To maintain the same ratio between mixed nuts and raisins, we first need to identify the ratio from the first row. The ratio of mixed nuts to raisins is 4:3. This means for every 4 cups of mixed nuts, there are 3 cups of raisins.
Let's denote the amount of mixed nuts as \( M \) and the amount of raisins as \( R \). We know:
\[ \frac{M}{R} = \frac{4}{3} \]
Now we complete the table for the amounts given, including the total amount of snack mix:
First Row
- Amount of mixed nuts (cups): 4
- Amount of raisins (cups): 3
- Total amount of snack mix (cups): \( 4 + 3 = 7 \)
Second Row
Given \( M = 49 \) (mixed nuts): The ratio tells us
\[ R = \frac{3}{4} \times M = \frac{3}{4} \times 49 = 36.75 \]
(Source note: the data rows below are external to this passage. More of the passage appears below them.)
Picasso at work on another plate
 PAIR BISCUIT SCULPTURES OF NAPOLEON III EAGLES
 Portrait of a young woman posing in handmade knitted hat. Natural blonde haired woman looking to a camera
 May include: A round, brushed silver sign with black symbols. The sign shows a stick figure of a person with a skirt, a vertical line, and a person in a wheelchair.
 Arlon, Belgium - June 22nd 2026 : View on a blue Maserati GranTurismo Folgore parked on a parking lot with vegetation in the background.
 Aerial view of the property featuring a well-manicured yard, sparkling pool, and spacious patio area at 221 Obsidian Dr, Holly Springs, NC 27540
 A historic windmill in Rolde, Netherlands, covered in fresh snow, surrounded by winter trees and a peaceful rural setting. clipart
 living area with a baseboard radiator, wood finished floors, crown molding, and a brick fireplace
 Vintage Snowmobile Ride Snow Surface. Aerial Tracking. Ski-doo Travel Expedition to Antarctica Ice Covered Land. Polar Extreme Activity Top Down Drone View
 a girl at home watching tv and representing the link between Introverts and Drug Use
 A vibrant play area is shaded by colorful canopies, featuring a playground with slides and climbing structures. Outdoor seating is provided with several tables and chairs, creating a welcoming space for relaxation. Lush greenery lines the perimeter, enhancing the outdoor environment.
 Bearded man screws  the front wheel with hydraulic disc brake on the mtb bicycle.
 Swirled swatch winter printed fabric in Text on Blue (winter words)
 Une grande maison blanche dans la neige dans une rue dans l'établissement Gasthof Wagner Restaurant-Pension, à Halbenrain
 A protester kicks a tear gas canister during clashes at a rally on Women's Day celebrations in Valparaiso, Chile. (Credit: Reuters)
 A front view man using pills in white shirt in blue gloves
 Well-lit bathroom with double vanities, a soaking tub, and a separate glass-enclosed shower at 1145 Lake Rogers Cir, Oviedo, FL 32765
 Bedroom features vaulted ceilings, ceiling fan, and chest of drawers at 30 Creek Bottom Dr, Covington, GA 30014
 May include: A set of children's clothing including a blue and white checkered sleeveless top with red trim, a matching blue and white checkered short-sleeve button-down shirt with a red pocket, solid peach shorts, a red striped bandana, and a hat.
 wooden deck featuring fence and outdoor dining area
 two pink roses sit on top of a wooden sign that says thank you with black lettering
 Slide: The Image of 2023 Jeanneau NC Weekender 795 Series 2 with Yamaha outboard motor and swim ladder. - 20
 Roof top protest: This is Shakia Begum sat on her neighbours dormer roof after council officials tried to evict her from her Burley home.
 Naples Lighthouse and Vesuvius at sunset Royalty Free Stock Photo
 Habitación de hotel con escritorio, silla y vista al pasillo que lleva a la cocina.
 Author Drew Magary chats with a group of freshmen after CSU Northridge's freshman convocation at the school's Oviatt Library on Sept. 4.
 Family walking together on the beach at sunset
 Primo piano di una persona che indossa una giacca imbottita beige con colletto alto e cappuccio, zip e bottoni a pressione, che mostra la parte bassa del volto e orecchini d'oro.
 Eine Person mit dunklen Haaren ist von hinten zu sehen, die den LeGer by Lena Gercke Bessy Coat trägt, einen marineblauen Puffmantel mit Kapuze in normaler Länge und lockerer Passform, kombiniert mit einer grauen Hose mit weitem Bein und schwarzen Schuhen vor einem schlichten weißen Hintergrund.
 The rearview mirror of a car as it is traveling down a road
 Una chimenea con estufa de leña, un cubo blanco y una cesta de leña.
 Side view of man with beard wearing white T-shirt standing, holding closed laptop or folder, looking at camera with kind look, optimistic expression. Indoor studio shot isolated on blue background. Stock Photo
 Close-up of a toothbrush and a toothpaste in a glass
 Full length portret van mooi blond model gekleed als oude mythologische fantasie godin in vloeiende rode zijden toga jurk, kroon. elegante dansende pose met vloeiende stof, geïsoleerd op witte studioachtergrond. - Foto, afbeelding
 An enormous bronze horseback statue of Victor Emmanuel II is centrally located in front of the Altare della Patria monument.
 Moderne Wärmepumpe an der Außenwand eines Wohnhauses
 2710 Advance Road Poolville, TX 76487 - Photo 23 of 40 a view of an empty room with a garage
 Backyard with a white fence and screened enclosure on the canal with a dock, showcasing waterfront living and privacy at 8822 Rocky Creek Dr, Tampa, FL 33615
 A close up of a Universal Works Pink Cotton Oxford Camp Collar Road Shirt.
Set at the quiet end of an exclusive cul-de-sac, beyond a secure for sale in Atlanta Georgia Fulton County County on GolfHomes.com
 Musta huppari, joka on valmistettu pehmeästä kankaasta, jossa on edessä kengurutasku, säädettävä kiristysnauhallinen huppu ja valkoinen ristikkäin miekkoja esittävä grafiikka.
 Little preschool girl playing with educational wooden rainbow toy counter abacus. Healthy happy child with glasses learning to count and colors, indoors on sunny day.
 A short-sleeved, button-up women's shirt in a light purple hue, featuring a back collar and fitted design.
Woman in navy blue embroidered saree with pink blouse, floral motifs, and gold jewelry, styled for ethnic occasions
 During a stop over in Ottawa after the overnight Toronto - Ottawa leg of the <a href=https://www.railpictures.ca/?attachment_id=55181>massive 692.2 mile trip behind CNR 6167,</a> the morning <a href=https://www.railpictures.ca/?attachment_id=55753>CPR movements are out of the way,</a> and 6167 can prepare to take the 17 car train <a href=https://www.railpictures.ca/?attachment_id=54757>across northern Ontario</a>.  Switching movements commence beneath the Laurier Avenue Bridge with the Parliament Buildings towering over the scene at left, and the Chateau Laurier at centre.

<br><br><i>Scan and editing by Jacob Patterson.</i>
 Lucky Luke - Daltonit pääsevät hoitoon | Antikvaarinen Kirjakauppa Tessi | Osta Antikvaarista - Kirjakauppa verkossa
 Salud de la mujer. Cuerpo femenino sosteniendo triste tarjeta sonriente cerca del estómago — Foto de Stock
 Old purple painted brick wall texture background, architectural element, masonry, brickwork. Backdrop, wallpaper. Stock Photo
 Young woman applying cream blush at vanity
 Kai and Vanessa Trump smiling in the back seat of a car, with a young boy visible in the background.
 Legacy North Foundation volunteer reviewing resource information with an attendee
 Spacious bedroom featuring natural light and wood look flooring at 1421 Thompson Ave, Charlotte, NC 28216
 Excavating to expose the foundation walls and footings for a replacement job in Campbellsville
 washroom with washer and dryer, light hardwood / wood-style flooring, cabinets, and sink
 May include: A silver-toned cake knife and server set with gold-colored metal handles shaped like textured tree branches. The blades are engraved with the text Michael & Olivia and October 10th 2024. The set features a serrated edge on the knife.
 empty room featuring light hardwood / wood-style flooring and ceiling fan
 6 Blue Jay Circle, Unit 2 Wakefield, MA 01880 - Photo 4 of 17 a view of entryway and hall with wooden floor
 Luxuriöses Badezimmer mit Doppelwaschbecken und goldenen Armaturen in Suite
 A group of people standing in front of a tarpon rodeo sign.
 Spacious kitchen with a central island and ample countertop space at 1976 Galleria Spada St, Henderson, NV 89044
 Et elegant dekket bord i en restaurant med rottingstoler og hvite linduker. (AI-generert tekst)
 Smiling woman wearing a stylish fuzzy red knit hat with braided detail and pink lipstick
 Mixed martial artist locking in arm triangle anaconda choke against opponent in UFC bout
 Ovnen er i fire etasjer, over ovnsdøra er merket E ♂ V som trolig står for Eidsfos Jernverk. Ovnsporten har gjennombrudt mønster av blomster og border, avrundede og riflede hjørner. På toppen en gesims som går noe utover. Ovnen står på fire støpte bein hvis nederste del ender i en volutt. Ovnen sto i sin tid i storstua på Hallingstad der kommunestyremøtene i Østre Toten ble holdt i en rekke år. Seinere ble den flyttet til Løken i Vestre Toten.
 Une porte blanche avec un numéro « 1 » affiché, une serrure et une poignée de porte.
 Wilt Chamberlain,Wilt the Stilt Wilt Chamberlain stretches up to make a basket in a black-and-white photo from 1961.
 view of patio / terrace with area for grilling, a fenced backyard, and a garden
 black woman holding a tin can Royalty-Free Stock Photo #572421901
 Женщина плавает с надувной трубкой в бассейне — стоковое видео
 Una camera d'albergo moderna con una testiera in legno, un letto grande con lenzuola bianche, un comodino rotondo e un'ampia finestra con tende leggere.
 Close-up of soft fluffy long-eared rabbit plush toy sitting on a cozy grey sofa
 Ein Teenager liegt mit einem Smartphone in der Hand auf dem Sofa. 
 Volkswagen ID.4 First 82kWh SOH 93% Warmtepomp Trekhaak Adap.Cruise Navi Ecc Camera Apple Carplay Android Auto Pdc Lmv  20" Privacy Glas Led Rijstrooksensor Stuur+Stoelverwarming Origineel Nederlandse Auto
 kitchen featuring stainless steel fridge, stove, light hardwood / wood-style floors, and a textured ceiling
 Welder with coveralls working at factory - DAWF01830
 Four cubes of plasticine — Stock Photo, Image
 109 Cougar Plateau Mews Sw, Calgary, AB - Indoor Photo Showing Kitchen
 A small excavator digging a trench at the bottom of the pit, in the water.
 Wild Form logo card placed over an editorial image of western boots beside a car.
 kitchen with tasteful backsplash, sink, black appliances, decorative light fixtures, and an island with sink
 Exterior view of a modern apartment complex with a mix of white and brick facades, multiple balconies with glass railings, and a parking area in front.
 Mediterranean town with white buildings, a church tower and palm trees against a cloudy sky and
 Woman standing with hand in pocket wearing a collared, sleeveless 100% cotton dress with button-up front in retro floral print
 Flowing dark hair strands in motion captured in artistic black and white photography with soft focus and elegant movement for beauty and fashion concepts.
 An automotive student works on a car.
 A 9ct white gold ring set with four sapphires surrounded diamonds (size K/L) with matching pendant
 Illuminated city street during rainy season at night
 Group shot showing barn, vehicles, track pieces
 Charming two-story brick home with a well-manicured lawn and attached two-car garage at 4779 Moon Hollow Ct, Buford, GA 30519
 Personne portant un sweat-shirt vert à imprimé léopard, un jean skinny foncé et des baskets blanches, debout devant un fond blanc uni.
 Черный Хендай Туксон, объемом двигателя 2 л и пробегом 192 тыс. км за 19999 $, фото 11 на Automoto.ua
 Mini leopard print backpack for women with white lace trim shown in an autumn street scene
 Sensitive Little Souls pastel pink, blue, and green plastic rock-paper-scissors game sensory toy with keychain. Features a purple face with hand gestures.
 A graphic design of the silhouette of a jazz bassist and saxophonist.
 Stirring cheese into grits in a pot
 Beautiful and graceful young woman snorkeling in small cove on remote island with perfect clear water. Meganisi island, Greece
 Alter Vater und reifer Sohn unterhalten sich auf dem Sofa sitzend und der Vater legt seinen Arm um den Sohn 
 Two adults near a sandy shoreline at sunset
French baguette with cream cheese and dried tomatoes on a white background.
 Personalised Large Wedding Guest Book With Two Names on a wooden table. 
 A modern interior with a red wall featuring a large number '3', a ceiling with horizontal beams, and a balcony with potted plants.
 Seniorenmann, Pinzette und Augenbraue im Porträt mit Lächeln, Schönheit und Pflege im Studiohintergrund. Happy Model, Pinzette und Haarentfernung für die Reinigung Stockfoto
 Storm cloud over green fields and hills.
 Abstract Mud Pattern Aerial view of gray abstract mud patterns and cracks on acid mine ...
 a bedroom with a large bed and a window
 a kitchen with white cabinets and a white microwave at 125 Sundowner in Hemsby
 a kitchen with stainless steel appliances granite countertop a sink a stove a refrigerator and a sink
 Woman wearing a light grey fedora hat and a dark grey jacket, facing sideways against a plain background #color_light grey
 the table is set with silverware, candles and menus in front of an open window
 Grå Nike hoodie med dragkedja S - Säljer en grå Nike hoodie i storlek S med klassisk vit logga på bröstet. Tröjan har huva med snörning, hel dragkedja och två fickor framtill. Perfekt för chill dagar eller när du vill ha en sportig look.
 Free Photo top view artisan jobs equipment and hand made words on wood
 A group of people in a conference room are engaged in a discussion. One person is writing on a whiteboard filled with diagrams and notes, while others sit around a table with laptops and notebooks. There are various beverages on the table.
- Amount of mixed nuts (cups): 49
- Amount of raisins (cups): 36.75
- Total amount of snack mix (cups): \( 49 + 36.75 = 85.75 \)
Completed Table
| Amount of mixed nuts (cups) | Amount of raisins (cups) | Total amount of snack mix (cups) | |------------------------------|---------------------------|-----------------------------------| | 4 | 3 | 7 | | 49 | 36.75 | 85.75 |
Thus, the final amounts and total in the table reflect the correct ratios and totals for the snack mix.